SOURCE INFORMATION:
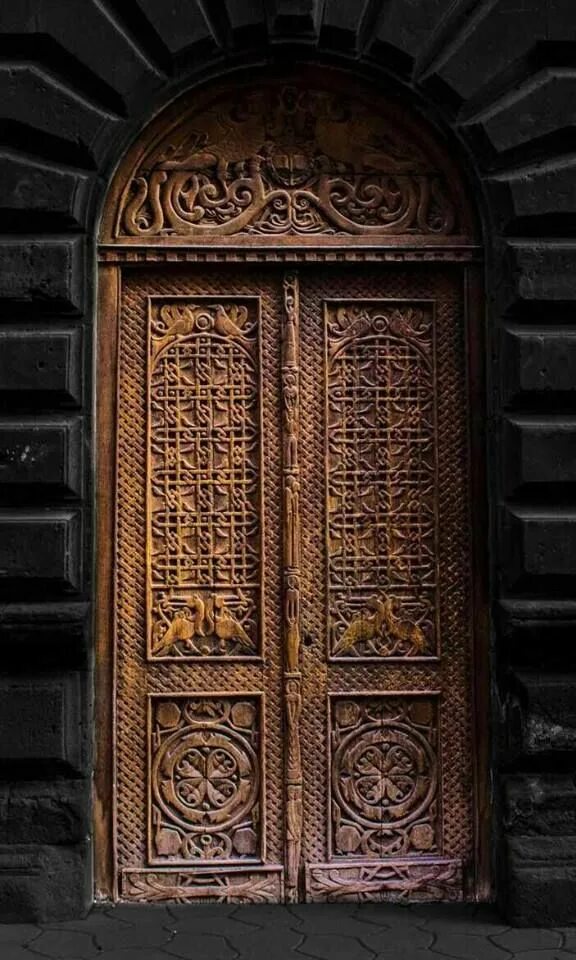 Резная дверь фото Pin by Gege Gege on Decorative doors Carved doors, Antique doors, Unique doors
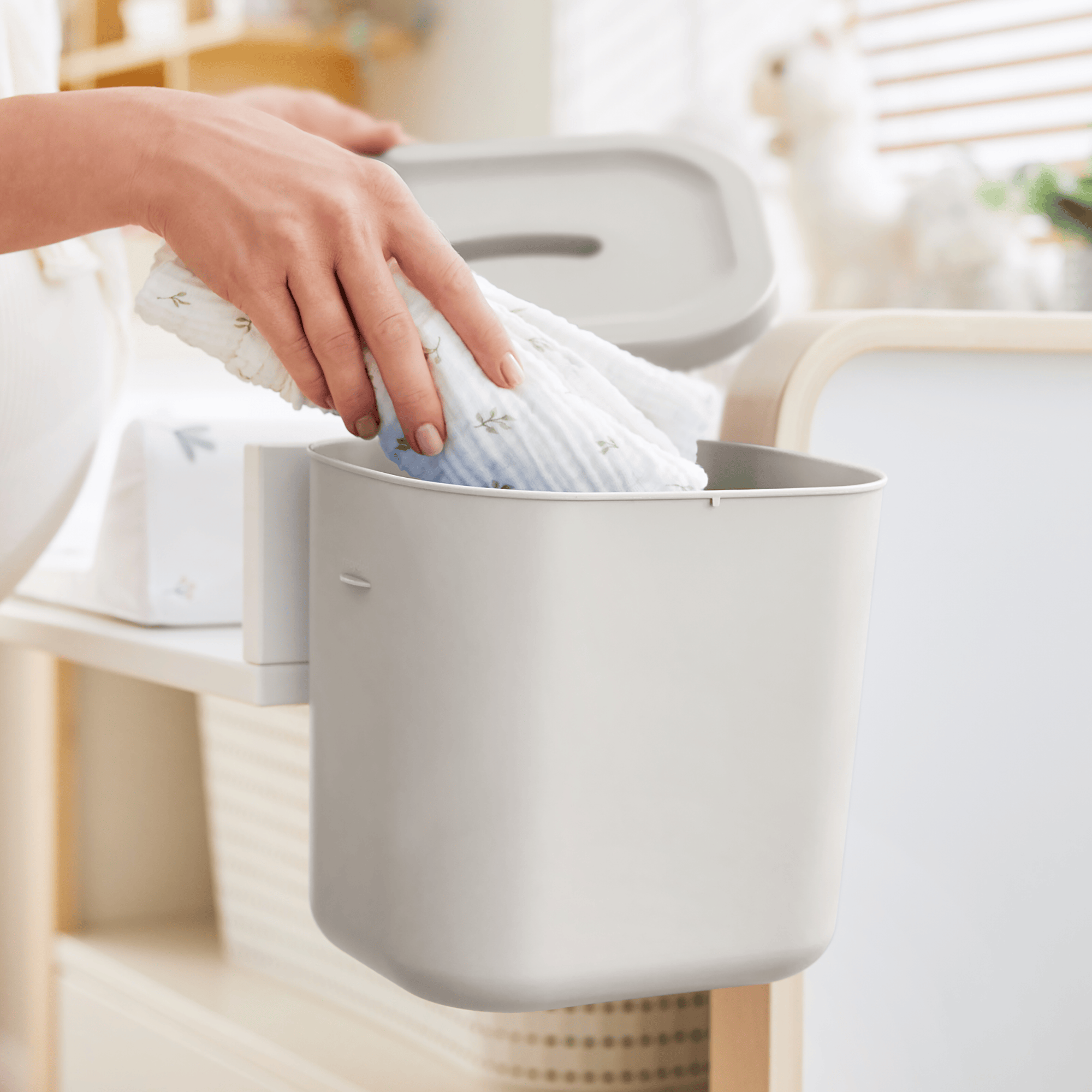 Windeleimer, rotho – Produktansicht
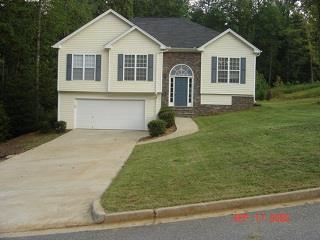 656 Rosebud Ln, Winder, GA 30680 photo 1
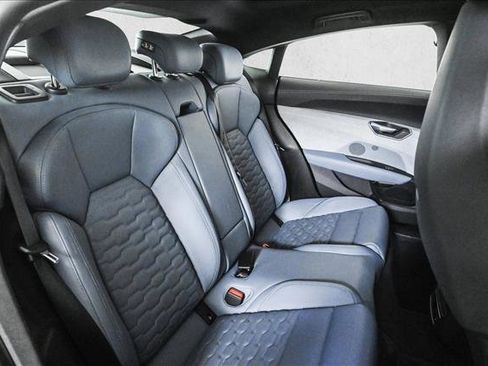 Used 2023 Audi e-tron GT Premium Plus image 21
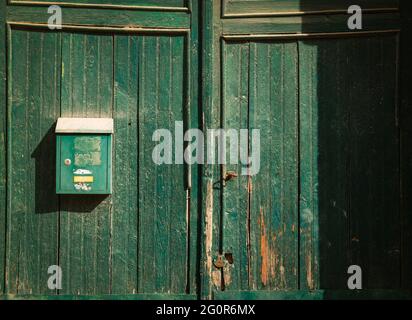 un' rosso cassetta postale su isolato bianca con ritaglio sentiero.  19885544 Stock Photo su Vecteezy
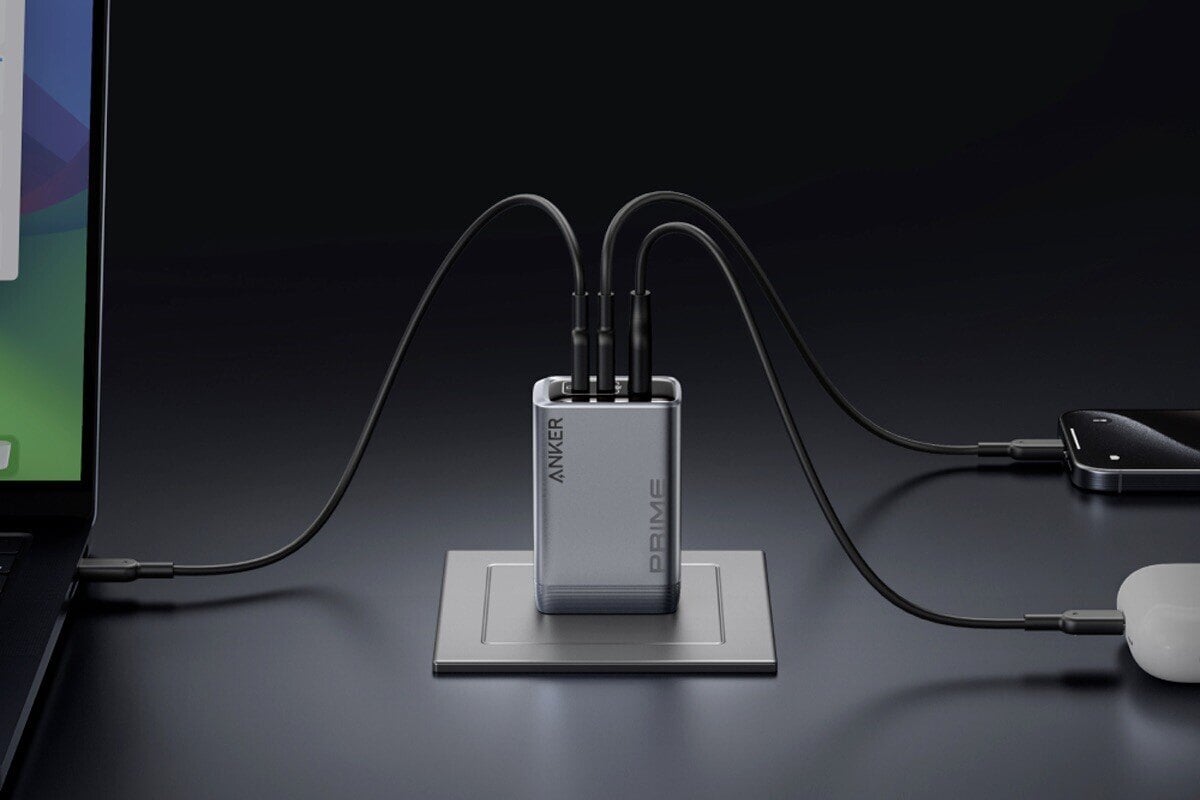 Anker Prime Charger 100WとPCなどを接続したメーカーの使用イメージ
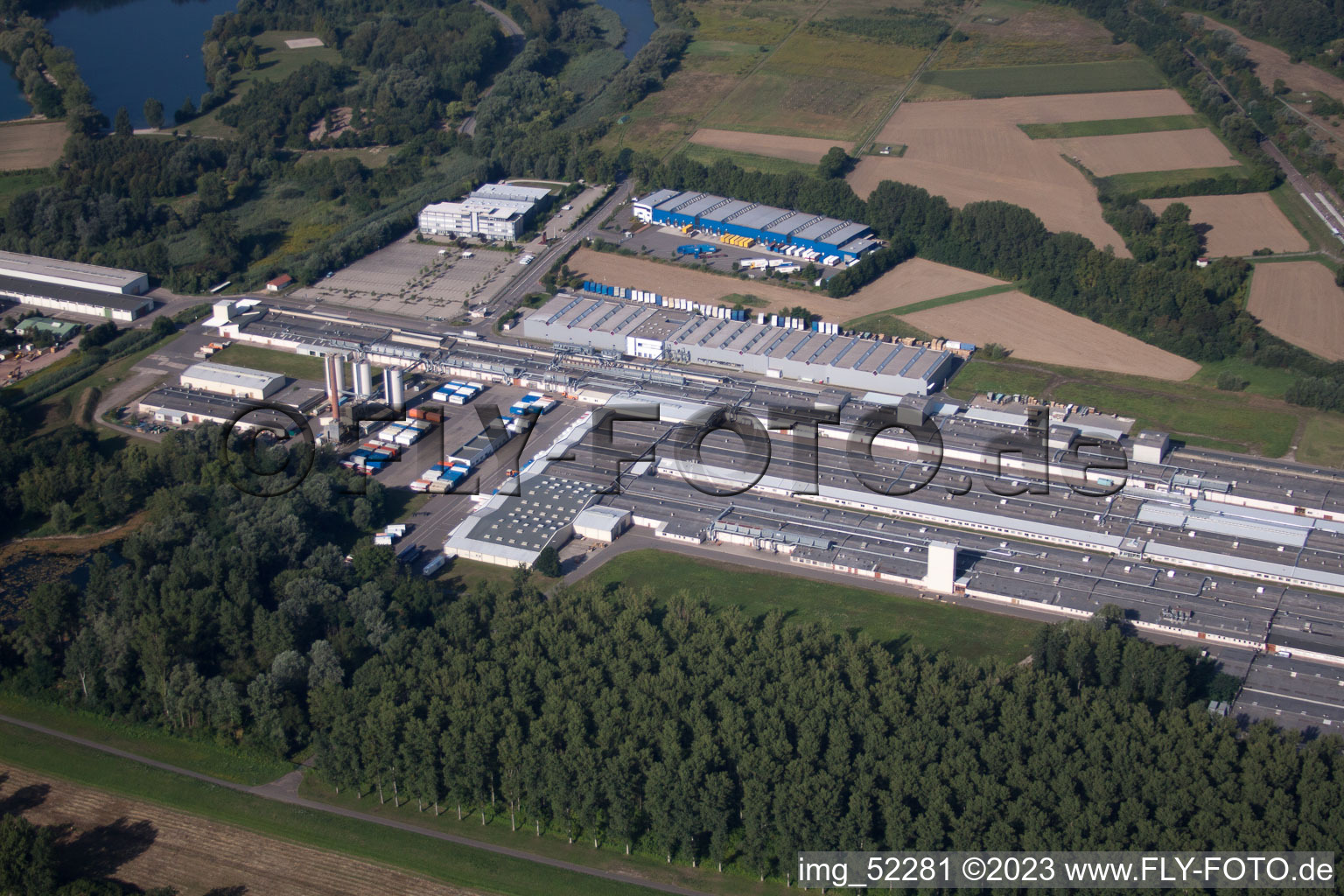 Luftbild von Sondernheim, Industrie am Rhein in Germersheim im Bundesland Rheinland-Pfalz, Deutschland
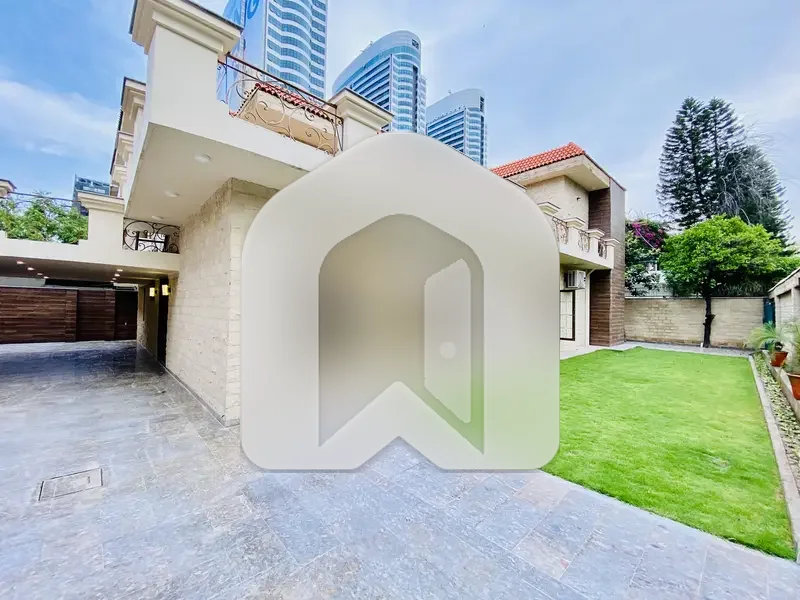 F-8 Newly Renovated House For Rent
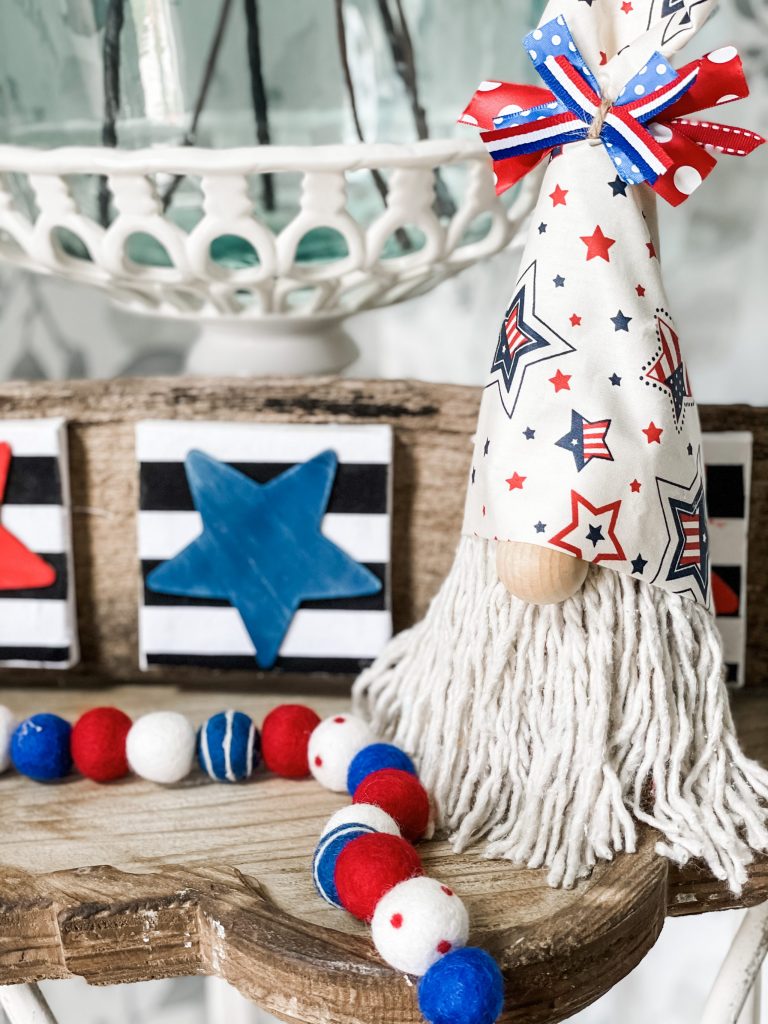 how to make a patriotic gnome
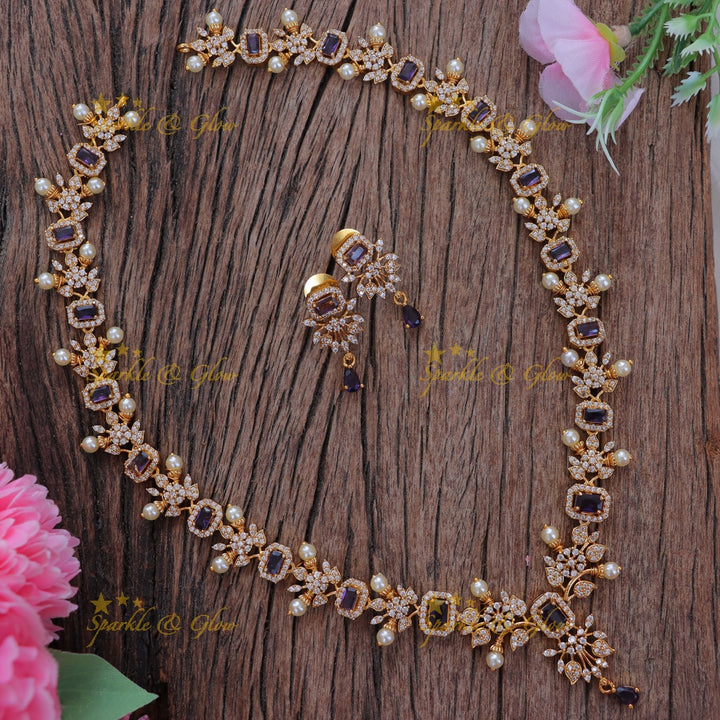 Exquisite Floral Pearl Necklace for Festive Glamour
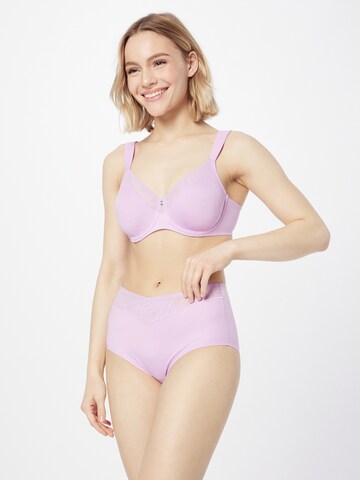 Panty 'Amourette Charm Pure' di TRIUMPH in lilla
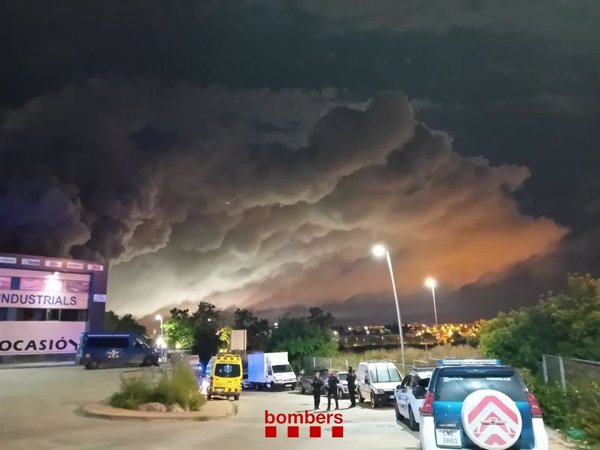 Protección Civil afirma que el confinamiento por el incendio es 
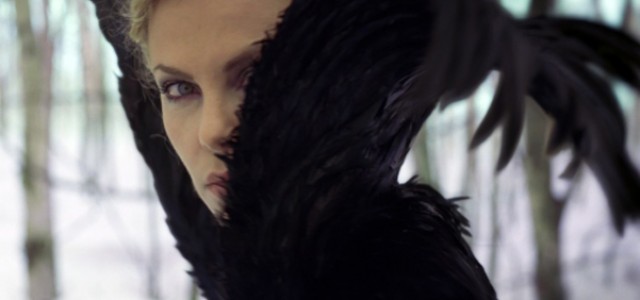Snow White and The Huntsman: Rupert Sanders Reveals Dark Secrets Behind Charlize Theron’s Evil Queen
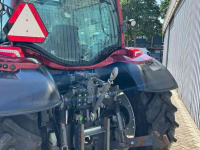 Tractor Valtra N121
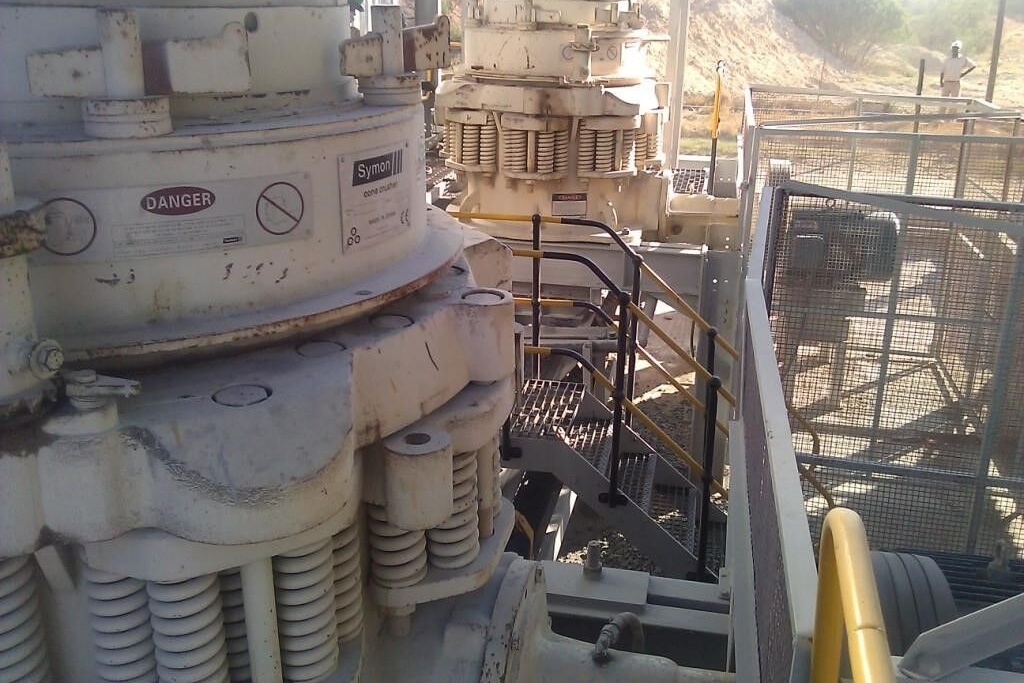 Kinglink SYMONS 3 FT STD FOR QUARRY AND MINING - Trituradora de cono: foto 2 Kinglink SYMONS 3 FT STD FOR QUARRY AND MINING - Trituradora de cono: foto 2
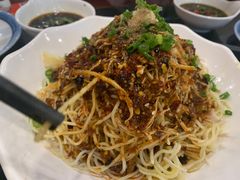 -老来福·非遗酸汤兔(凯旋路店)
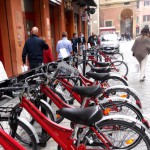 Su e giù per Bologna in bicicletta tra piste ciclabili e servizi di noleggio ad hoc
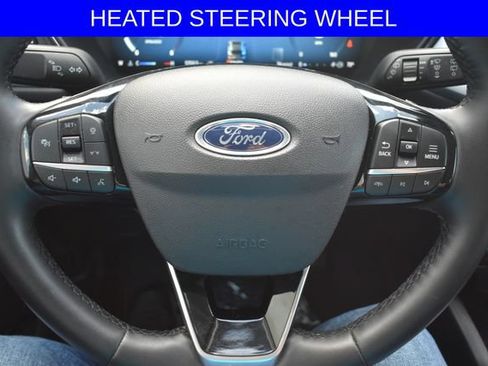 Used 2023 Ford Escape Platinum AWD/4WD image 5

PROBLEM: Output, exactly as written, only the lines from the beginning of the listing through the line containing "how to make a patriotic gnome", both included, and no pictures.

EXERCISE RESULT:
 Резная дверь фото Pin by Gege Gege on Decorative doors Carved doors, Antique doors, Unique doors
 Windeleimer, rotho – Produktansicht
 656 Rosebud Ln, Winder, GA 30680 photo 1
 Used 2023 Audi e-tron GT Premium Plus image 21
 un' rosso cassetta postale su isolato bianca con ritaglio sentiero.  19885544 Stock Photo su Vecteezy
 Anker Prime Charger 100WとPCなどを接続したメーカーの使用イメージ
 Luftbild von Sondernheim, Industrie am Rhein in Germersheim im Bundesland Rheinland-Pfalz, Deutschland
 F-8 Newly Renovated House For Rent
 how to make a patriotic gnome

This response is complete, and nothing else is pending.